Archives: March 2008

Wed Mar 19, 2008

Semantic and Syntactic Endemes for the Most Common Words in English

I figure it's time to put out another copy of my list of 5000 words. I'm building a time travel game. One reason is to showcase and to develop the theory of artificial creativity. When players change something in the past, that changes history and the game will have to create history again form that point. My first attempt is likely to be with an artificially created world so that I get the advantages of working within a complex toy universe. Another reason for creating the game is that I want to play it.

I want the word's characters to be able to talk to the players and understand them (in text only to start with). To do this I have been working on a list of what I think are the 5000 most common words in English up to about 1910 (12M) plus about 70 more game specific words. I got the list from the Brown Corpus, from my own downloaded article base, and a few other sources. For each word I am constructing two endemes, one for semantics, the other for syntax.

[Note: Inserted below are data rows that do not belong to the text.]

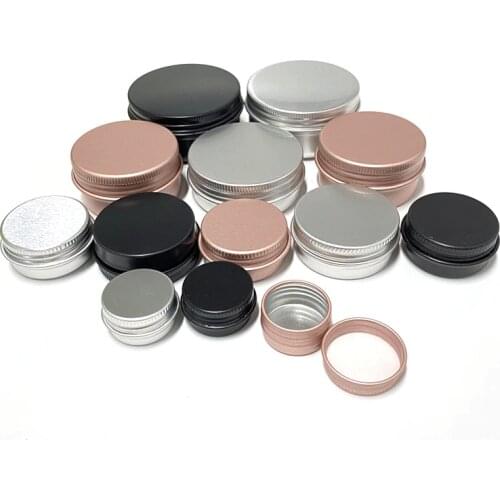 10Pcs 5g 10g 15g 20g 30g 50g Aluminum Metal Professional Cosmetic Container Refillable Face Cream Jar Pot Bottle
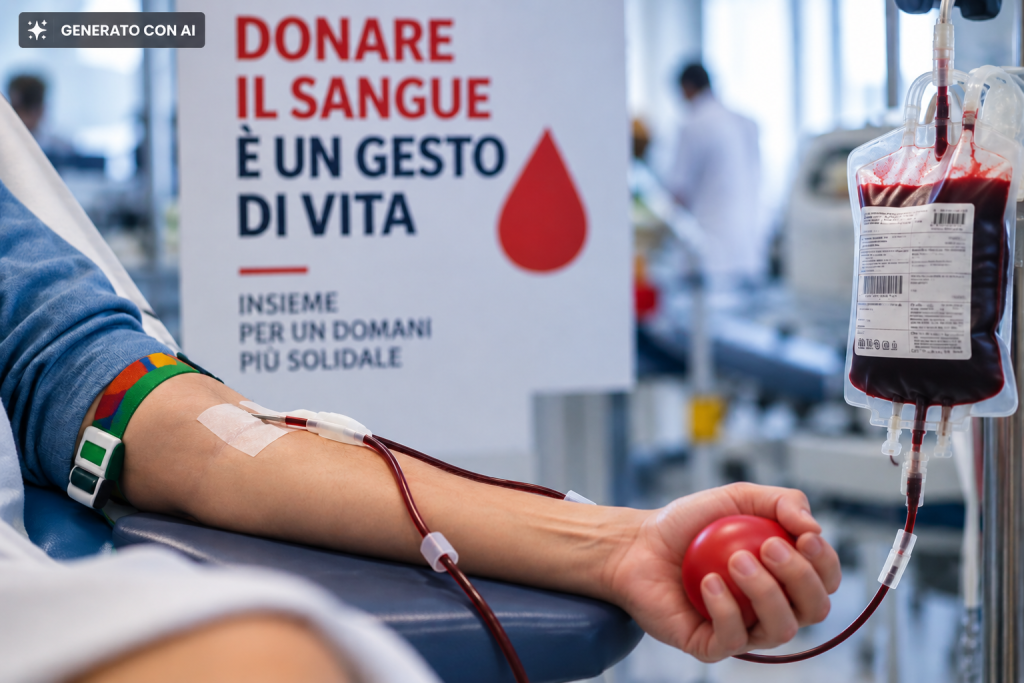 Caldo record, calano le donazioni di sangue in Italia: 2.100 sacche in meno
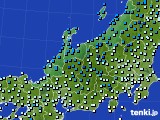 北陸地方のアメダス実況(気温)(2016年01月13日)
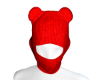 Beanie Mask x red
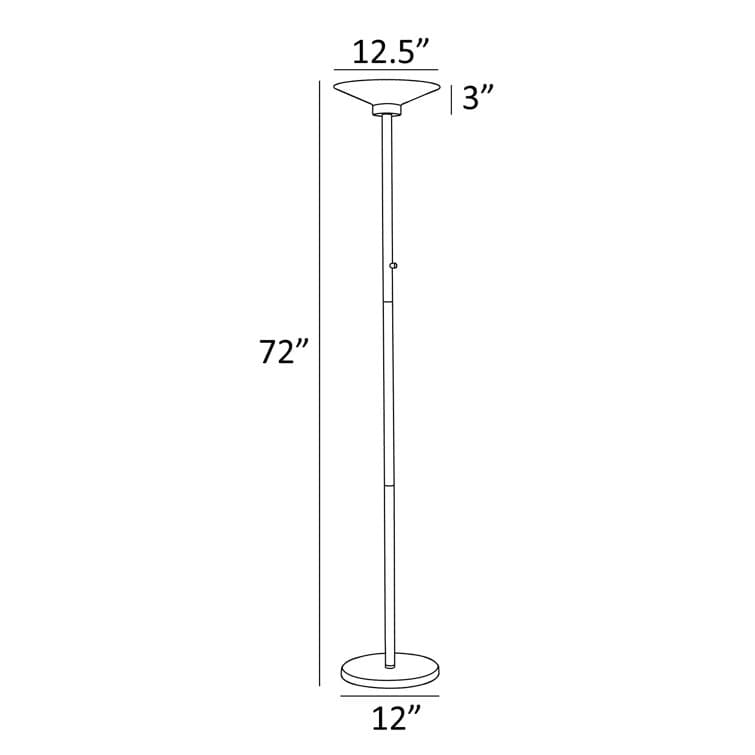 Ebern Designs Barrows 72'' LED Torchiere Floor Lamp & Reviews | Wayfair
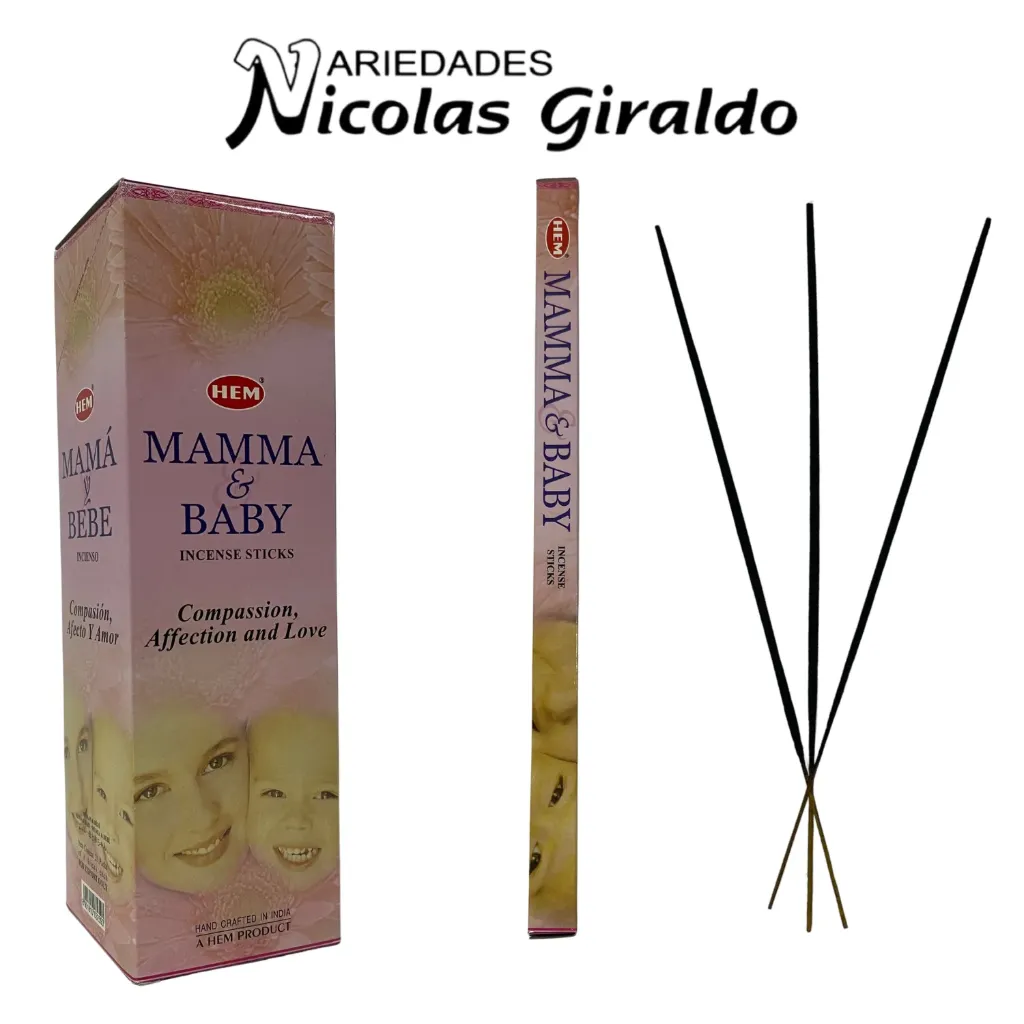 Incienso hem x25 cajas mama bebe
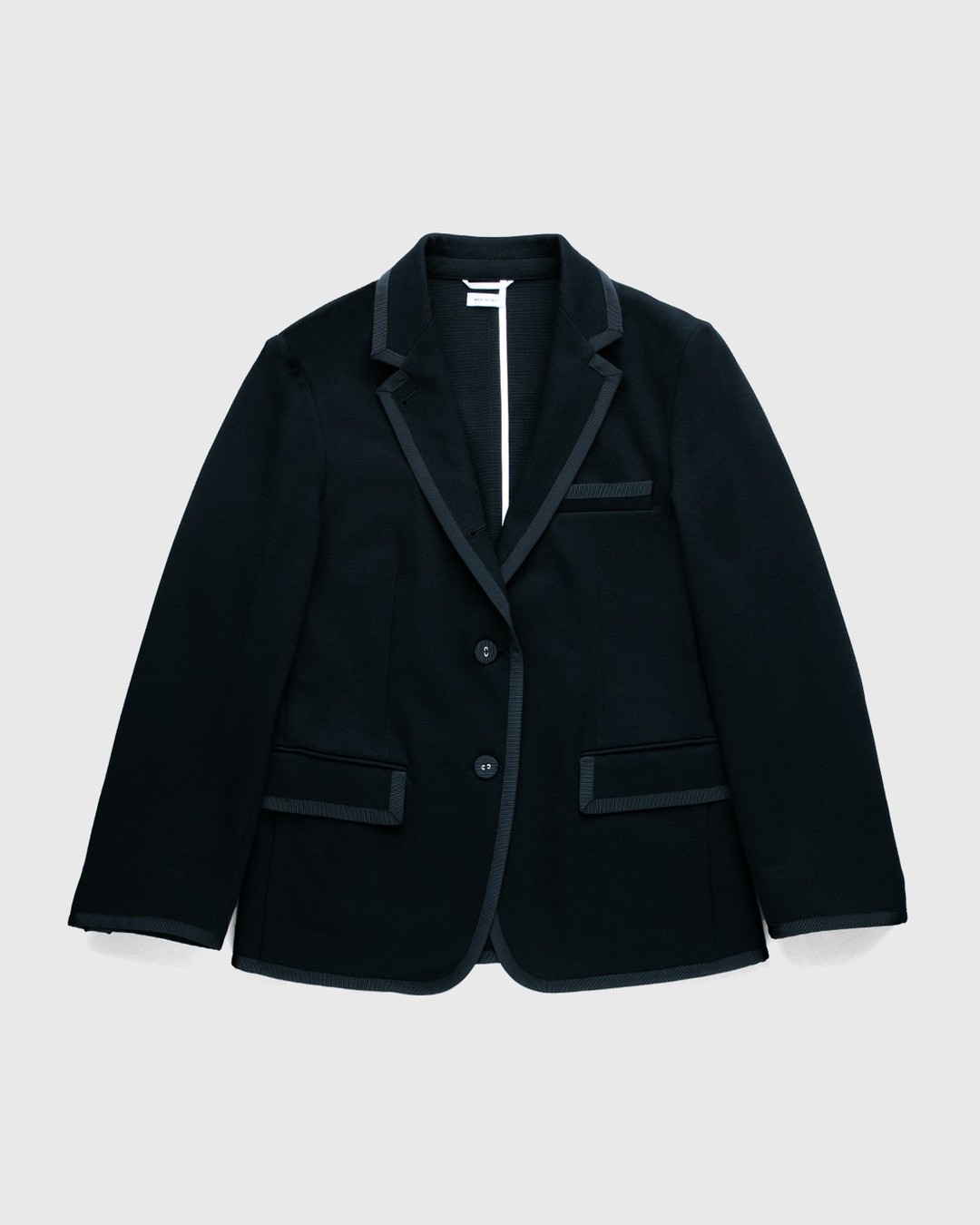 Thom Browne x Highsnobiety – Women’s Deconstructed Sport Jacket Black - Blazers - Black - Image 1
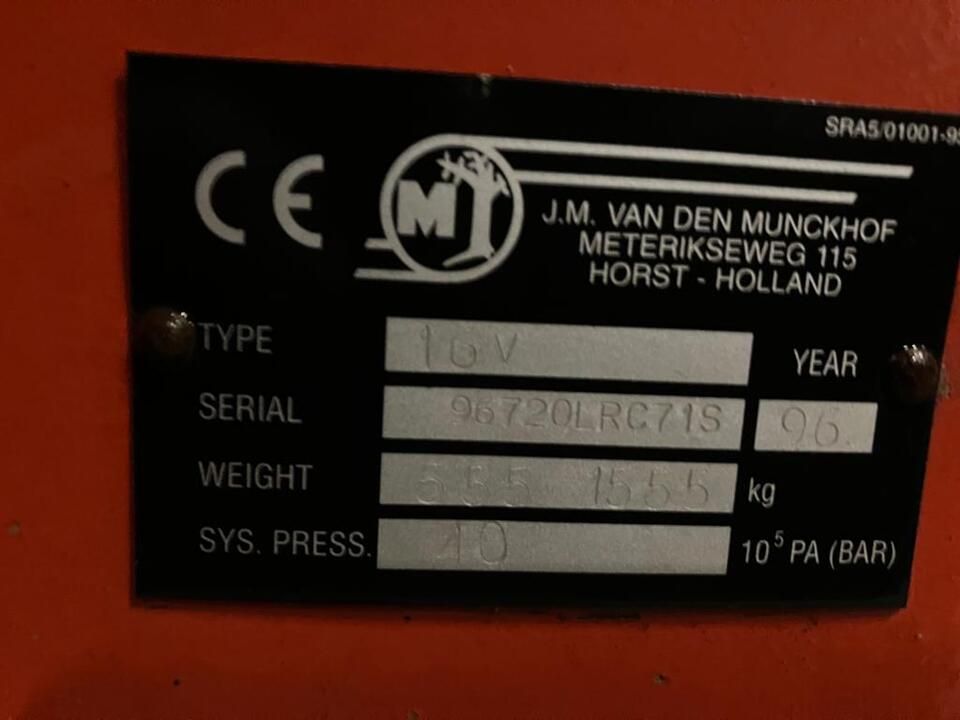 Munckhof boomgaardspuit 1000L
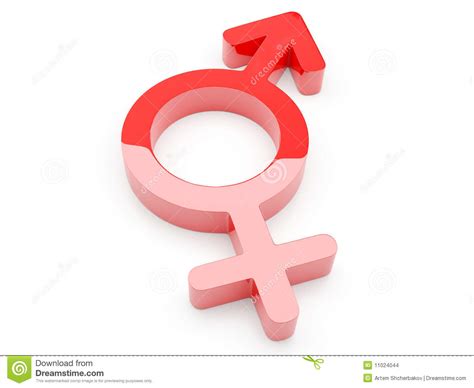 3d Render Of Male Female Symbol Stock Images Image 11024044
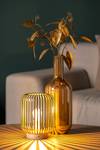 Vase Autentico Glas Farbglas - Gold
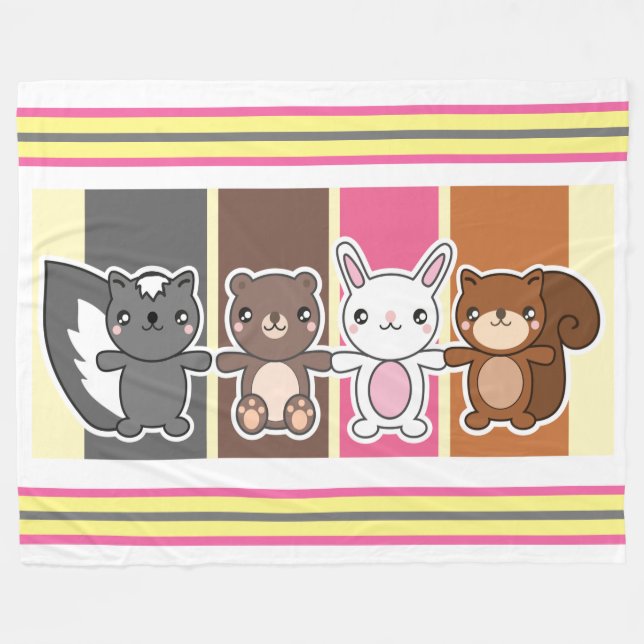Baby Animals Fleecedecke (Vorderseite (Horizontal))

An endeme is an ordered list of characteristics. Each word has the same list, but in a different order. I have chosen to call this list by an Old English word 'endemes'. Endemes means together in Old English, implying that the list of characteristics is not just a list but melds together into a new meaning which is defined by the order of the characteristics. Usually each characteristic is represented by a different letter so an endeme is a list of letters, in a different order for each instance.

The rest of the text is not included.